A snippet of SEO history
In the past the search engines were very trusting and naive. They took a site at face value, and ranked them based on simplified metrics, such as how many backlinks the site had OR where it mentioned popular phrases over and over again. Initially the search results were good and everyone was playing along nicely. Then cracks started to show. Some website owners started to find the easy win loopholes that existed. They created spammy content filled with key phrases that read poorly. They created simplified directory websites (I’m sure you’ve all seen one in your time, usually it’s followed by clicking the back button) pumping out hundreds, thousands even hundreds of thousands of backlinks. After a few years, this became the norm. In order to rank, you had to compete in this area.
These were pretty dark days for the web and Google was watching it happen. Websites were becoming bloated with duplicate content with poor readability, making it increasingly difficult for Google to crawled all pages. To add to the bloat the web was getting exponentially larger also. There was a demand for low friction, easy to subscribe directories / blogs / link farms. For any one site there was a thousand or more of these low grade sites propping them up with back links. Very quickly the web was littered with these sites, and Google was left to crawl them as part of their comprehensive sweep of the web.
Although these tactics work in small doses today, they form part of the ‘short term gain, long term pain’ solutions that some agencies are still pedaling to a market of consumers that are seeking quick increases in traffic.
But Dan, if these tactics still work, why wouldn’t I adopt them?
The most obvious reason is that Google is getting increasingly good at detecting this style of activity on the web even in watered down applications. You simply run the risk of Google penalising you for doing the wrong thing. Penalties are usually difficult to come back from. As a business owner, I couldn’t imagine signing up for this.
The second less obvious (but just as important) reason is short term tactics reduces user experience. By chasing after the top trafficked keyword only (or top 5/10/20 etc) simply skews the site in one OR more directions. By the time they are ranking for that term, the user experience has been compromised to greatly that conversions suffer.
The unsung hero of any successful web business is the ‘long tail keyword’. Although it would make up anywhere between 30-70% of traffic on the average site, it would equate to a much larger proportion of the conversions of a site.
Why the long tail? Because it’s at the business end of search.

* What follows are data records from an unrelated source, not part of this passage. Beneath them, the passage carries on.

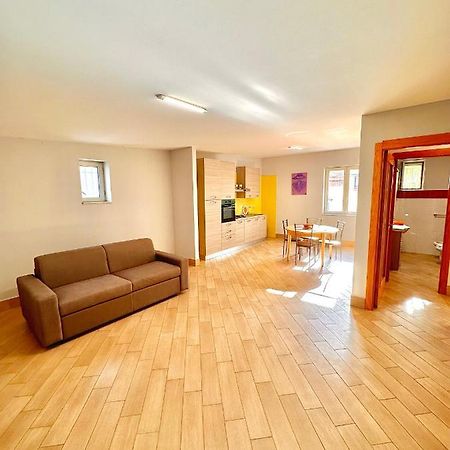 Apartmán Nobile Dimora Neapol Exteriér fotografie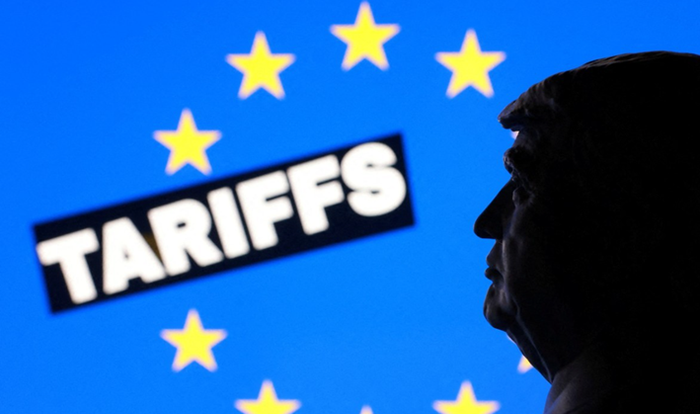 도널드 트럼프 미국 대통령. ⓒAP/연합뉴스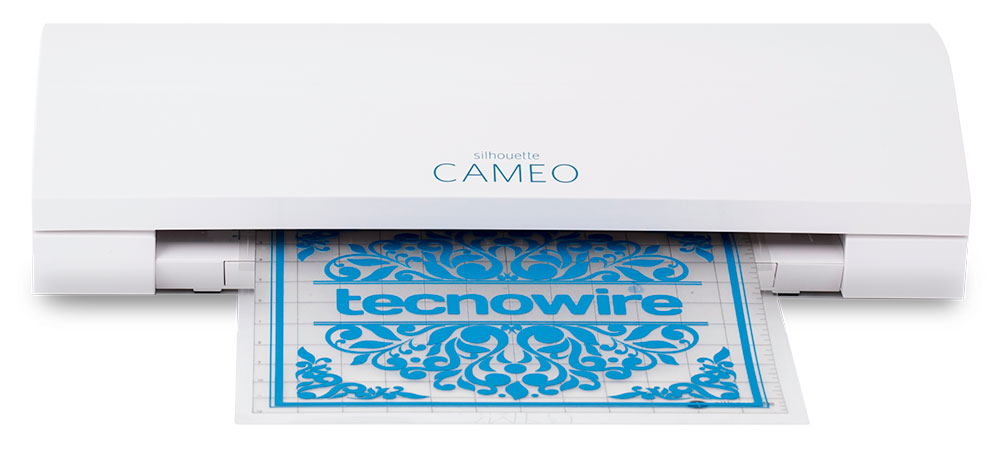 Silhouette CAMEO 3 en Mexico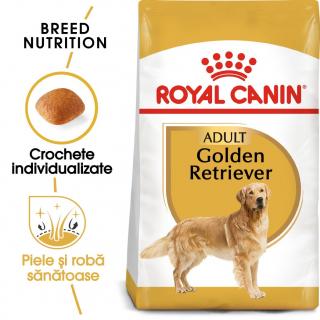 Royal Canin Golden Retriever Adult 12kg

Think about the last search you did for a product OR service. Let’s run with the last time you did research for car OR house. Did you buy on the first search you did? How about the 5th? Although buying a car OR house are an extreme example, the simple fact is that very few web searches we do as consumers end in a sale on the first request.
The principle behind not chasing the most popular terms is that a website will be built for the users, not for search engines. A user centric site will be feature and content rich and will naturally rank for the longer tail key phrases mentioned above. By ranking for these terms, you will also build a strong foundation that will naturally rank for the broader / more trafficked terms also. As the site is user centered it will see more conversions from less traffic. Less traffic, also means less of the people who are not ready to convert, therefore less sales support.
So what are you waiting for? Go dominate the highest converting phrases on the web!